Collaboration relies on the leader of a team or organization to set this tone. There are many examples about the efficiency improvements of collaboration. If you consider outrigger canoe racing, most boats had six or eight paddlers with a person in the back calling the stroke rhythms. What is interesting in outrigger racing is it’s not the strongest paddlers that win but the team that is completely in synch paddling. If one person is out of synch, the effort is lost. Think of the CEO as the caller in back keeping everyone (company and management team) in synch.
Another analogy is how a Canadian geese flock always flies in a V pattern. It is interesting to watch the geese as they “slip stream” or draft off each other, much like in bicycle racing, car racing or even swimming. The goose at the head of the V is always changing; they take turns pulling the flock. In the geese world, the V formation allows them to be 15% more efficient. Meaning that as a collaborating team they can travel farther and faster, than on their own or not working together.

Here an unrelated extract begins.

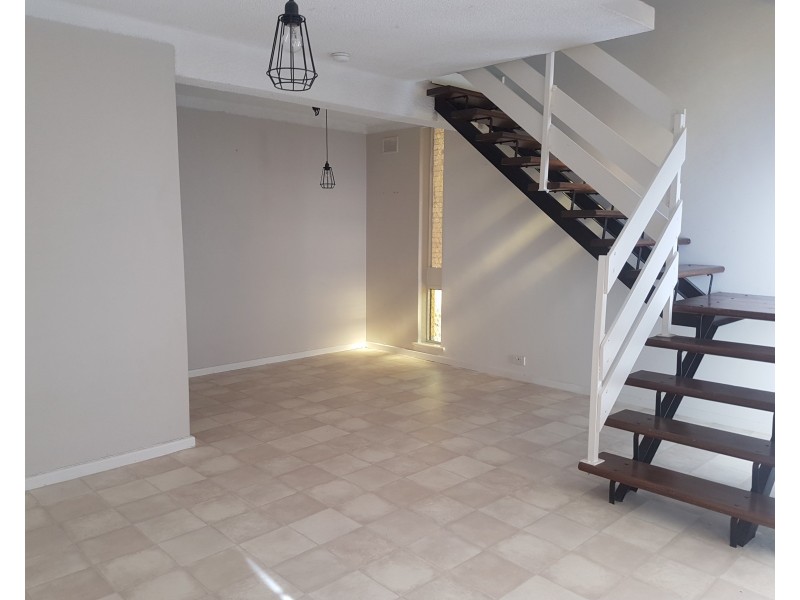 14, 33 Wright Street, Henley Beach SA 5022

Collaboration in business is a cornerstone of a high performing team. Just look at the proliferation of collaboration software tools and social networks in the last five years. Consider how sites like Facebook, MySpace, and LinkedIn allow people to connect and exchange ideas and information. Collaborating in business on a global basis was the key premise made by Thomas Friedman’s great book “The World is Flat”.
One lesson Michael has learned in business (and life) is the better you are at collaborating with people, the better your business career and the better your life will be. It is easy to say collaboration is the measure of a person in business.